I wrote this fun piece in response to Fandango’s one-word prompt for today: ALMOST. Check out his blog to see the other responses, or add your own.
I was especially prompted to write this tale by Frank Prem’s not-quite-haiku, Almost a Cockatoo. You’ll see the link to his blog, Seventeen Syllable Poetry, listed among the others. 🙂
ALMOST EVERYBODY HAS A PAIR
“Mom, I need new running shoes.”
“So what else is new?” was Dad’s comment.
“You just got new shoes back in spring, Brandi.” Mom reminded her.
“That’s right,” Dad agreed. “And as I recall, they cost me a wallet full of bills.”
“Mom, Dad. Listen to me! The shoes you got me back in spring were El-cheapos. Now they’re like, RAGS! They’re decomposing with every step. I’m gonna get gangrene if I keep wearing them. I REALLY need new shoes.” Brandi stuck out a foot to show the evidence and wrinkled her nose. “I need something a little higher quality.”
Dad jabbed a finger in her direction. “The way you and your sister go through shoes, all we can afford are El-Cheapo brands. Do I dare ask how much ‘a little higher quality’ is going to set me back?”
Brandi rolled her eyes. “Oh, Dad. All you think of is money! You don’t understand how…how…ostracized I feel wearing Excess-Economy brand when all the other kids are wearing these cool new TECH-tonic ‘Earthmovers’. Kids who have ‘em say they really grip the ground and…”
“And all your classmates are wearing these?” Mom asked.
Brandi’s sister Trena nodded in agreement. “I’ll need a new pair soon, too.”

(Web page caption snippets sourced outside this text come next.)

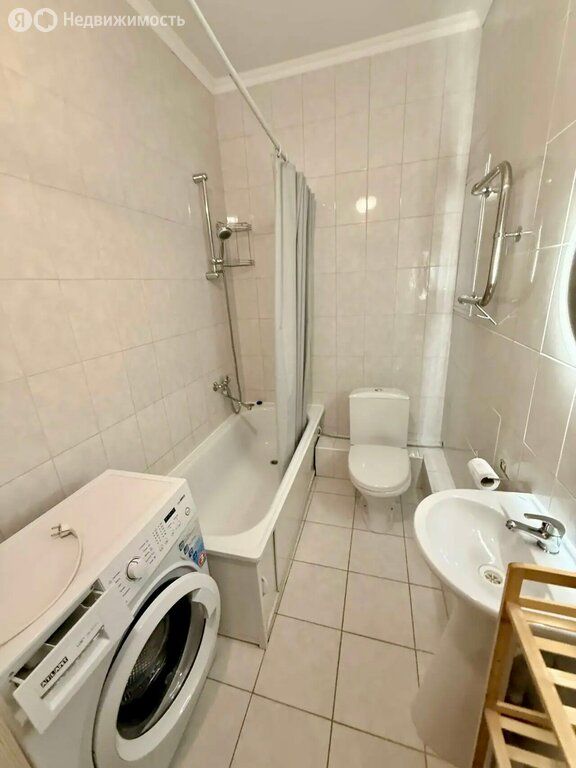 m. Prospekt Vernadskogo: Apartment, 1-rooms
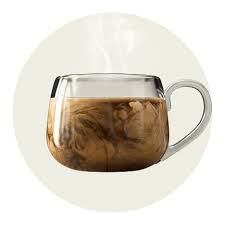 Coffee Mate Original Coffee Creamer - 35.3Oz : Target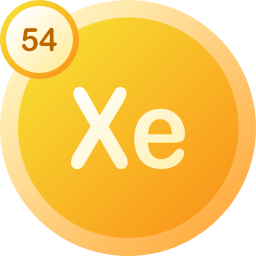 xenon icon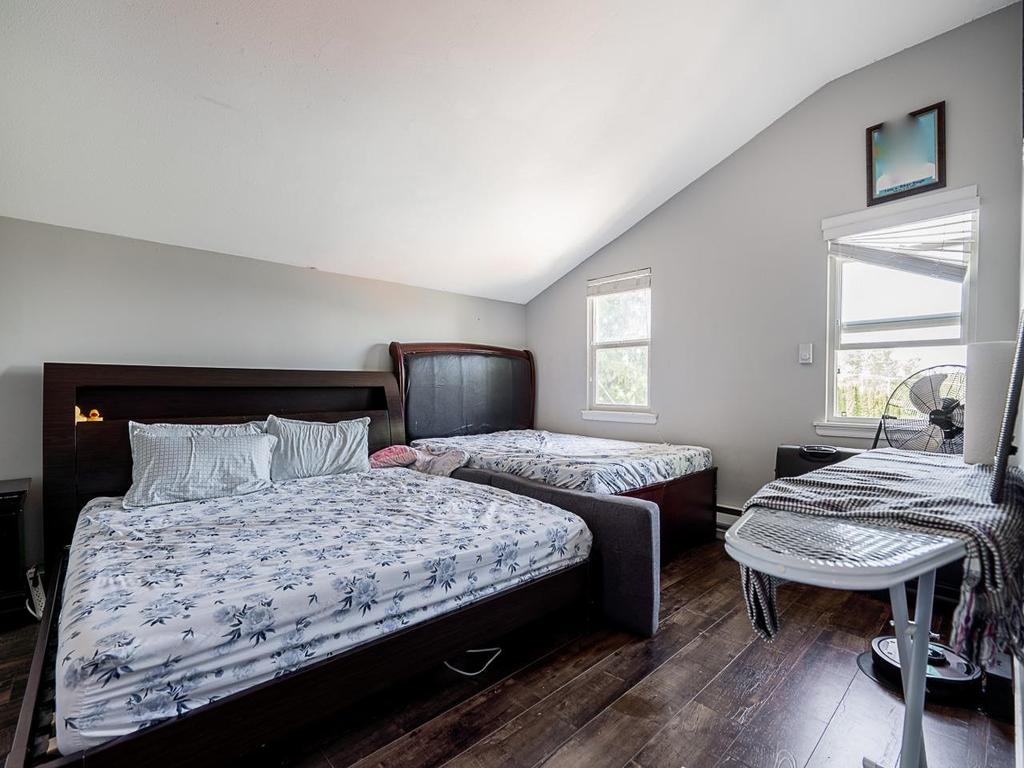 Listing Image for R3007808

“Even some of the poorest kids,” said Brandi. “And they’re, like, $220 a pair.”
Dad’s eyes popped open. “Two hundred and…” He whistled. “And everybody in your class has a pair? Except some of the poorest kids, of course — like you two.”
Brandi stuck out her chin.“Well, yeah. Do you want us to be scorned by the whole school? Mocked on Facebook because our shoes are rotting on our feet?”
Mom looked at Dad and raised her eyebrows. Dad looked at Mom and raised his eyebrows. Somehow they both managed to maintain a ‘bank-manager-considers-loan’ sobriety.
“We’ll see.” Mom said. “Now that I think of it, Carrie’s cousin volunteers at school Thursday mornings. I’ll ask her what she thinks of these news shoes everybody’s wearing. You called them Earthmovers?”
Brandi nodded, squirmed, and sent her sister a desperate glance. “Well, almost everybody. At least five kids in my class have a pair. But the rest are getting them as soon as…”
Dad grinned. “As soon as they can talk their folks into saving them from mocking and scorn?” He winked at Mom.
Brandi and Trena gave each other a meaningful look and rolled their eyes as if to say, “Parents. They’re so…archaic!”